The criminals we seek to identify and bring to justice move quickly, and it is imperative that we, collectively, do the same, moving as quickly as we can, using all of our collective tools.
Because of the efforts of the OECD Working Group on Bribery, and our law enforcement partners at home and overseas, we have transitioned from a world in which bribery of foreign officials was considered a sound business strategy, to one in which bribery is treated like the corrosive crime that it is.
The Department’s FCPA enforcement program would not be where it is today without the help of the OECD’s Working Group on Bribery and the member countries it comprises.
We are committed to continuing to work together with our overseas partners, to hold accountable individuals and companies who engage in corruption, regardless of where they operate or reside.

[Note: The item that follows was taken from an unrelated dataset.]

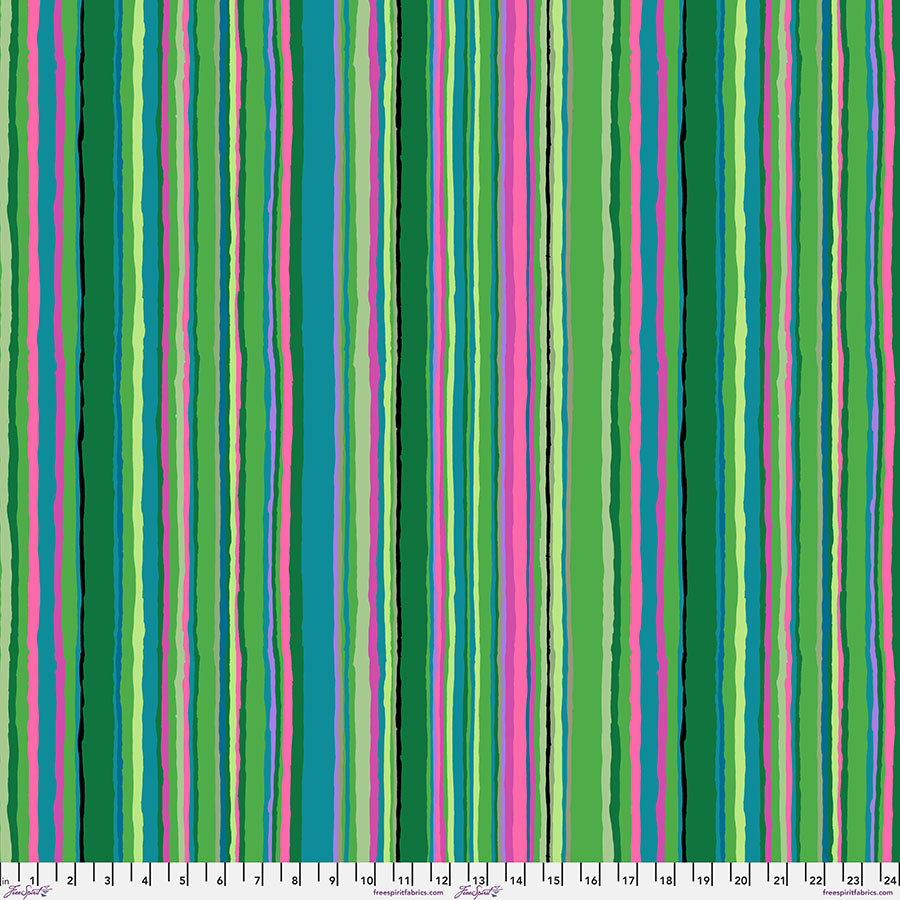 Kaffe Fassett Echo Stripe Green -kangas, käsinmaalatun näköiset raidat vihreässä sävyissä – PWGP209.GREEN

Our efforts in this respect, due to the tireless work performed by our prosecutors, the SEC, the FBI and other law enforcement agencies, has been remarkable.
Since 2016 alone, the Justice Department has brought more than 35 criminal cases against individuals and 17 cases against corporations in connection with foreign bribery charges. These efforts have resulted in the collection of more than $1.6 billion in fines, penalties and disgorgement. Going forward, we will continue to work closely with the SEC, the FBI and other law enforcement agencies.
We will work with our foreign counterparts to make sure that businesses and organizations that refuse to play by the rules are held responsible.
Countries around the world are strengthening their laws, and investigating and bringing impactful cases.
In this context, we have found that not only is there a need to cooperate with our partners on the investigative side, but also on global resolutions that apportion penalties between the relevant jurisdictions.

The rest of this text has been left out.